Certain désormais d’avoir le maréchal comme réserve d’avenir, le président ne s’affligea point trop de n’avoir pu lui confier actuellement ses affaires. Mais voilà que tout à coup un souffle empesté traverse les airs et terrasse en sa pleine vigueur, à l’âge de soixante-cinq ans, celui « dont l’épée était une frontière et le nom un drapeau[1]. » Ses dernières paroles furent une prophétie de patriote perçant les voiles de l’avenir. Il dit au Président debout au pied de son lit d’agonie : « Vous sauverez la France avec l’union et le secours de tous les hommes de bien. Dieu ne m’a pas jugé digne de me laisser ici-bas pour vous aider. Je vais mourir (10 juin 1849). » Bugeaud était le seul homme qui, pût imposer la raison aux conservateurs, subordonner ou remplacer Changarnier, déjouer les intrigues imprévoyantes de Thiers qui, à peine remis de l’effarement de la récente révolution, en partie son œuvre, se préparait à en organiser une nouvelle. Sa disparition fut un irréparable malheur.

Bugeaud éliminé, et avant même que la mort l’eût ravi, le prince avait dû subir les exigences d’Odilon Barrot. Il n’en avait produit qu’une, mais elle était dure : l’entrée dans le cabinet et au département de l’Intérieur, de Dufaure, le ministre de Cavaignac. Le prince y avait consenti.

Vinrent ensuite les exigences de Dufaure. Il demanda que le commandement des gardes nationales fût retiré à Changarnier et qu’on fortifiât le ministère de deux parlementaires sûrs. Le prince y consentit.

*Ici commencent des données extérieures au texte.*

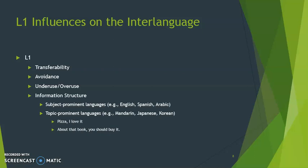Another influence Ortega discusses is the L1 influence on information structure. Generally, there are two main ways languages present information in a sentence. One is subject-prominent languages — like English, Spanish, and Arabic — where the sentence starts with the subject, followed by the verb phrase. Other languages like Mandarin, Japanese, and Korean more often use a topic-prominent construction in regular language use.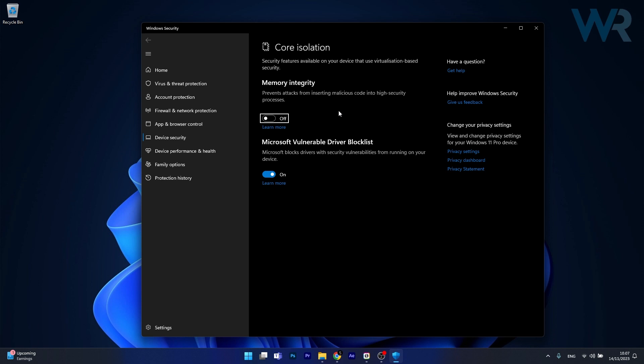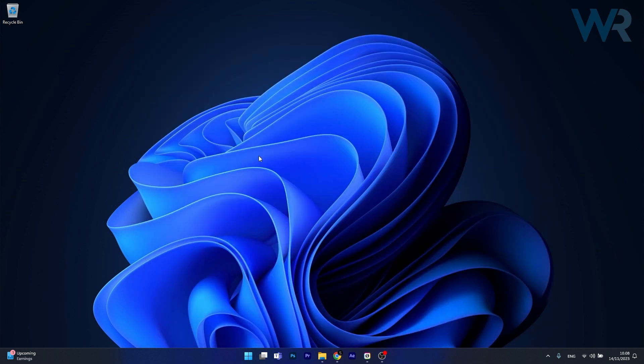So basically if you turn it off, of course at the risk of having less security on your PC, you will get increased FPS in your games. And that's it. Super simple, isn't it?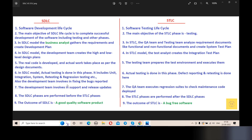That's all about SDLC and STLC differences. If you have any doubts, please comment in the comment box. If you like our videos, please like, comment, share, and subscribe to our channel, and click on our testing-related videos. We'll see you in the next video.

Le premier fut Tocqueville ; on eût désiré que le second fût Rémusat, « qui était tout à la fois ami de Thiers et galant homme, chose assez rare », et dont le concours eût assuré au Cabinet l’appui ou au moins « la neutralité de cet homme d’État sans l’infester de son esprit[2]. » Au refus de Rémusat, on appela Lanjuinais, homme ferme et droit, ami personnel de Dufaure et Tocqueville. Le ministère resta ainsi constitué : Tocqueville prit les Affaires étrangères, Dufaure l’Intérieur, Passy les Finances, Rulhière la Guerre, Tracy la Marine, Lacrosse les Travaux publics, Lanjuinais l’Agriculture. Falloux, qui se

  1. Louis Veuillot.
  2. Tocqueville, Souvenirs, p. 301.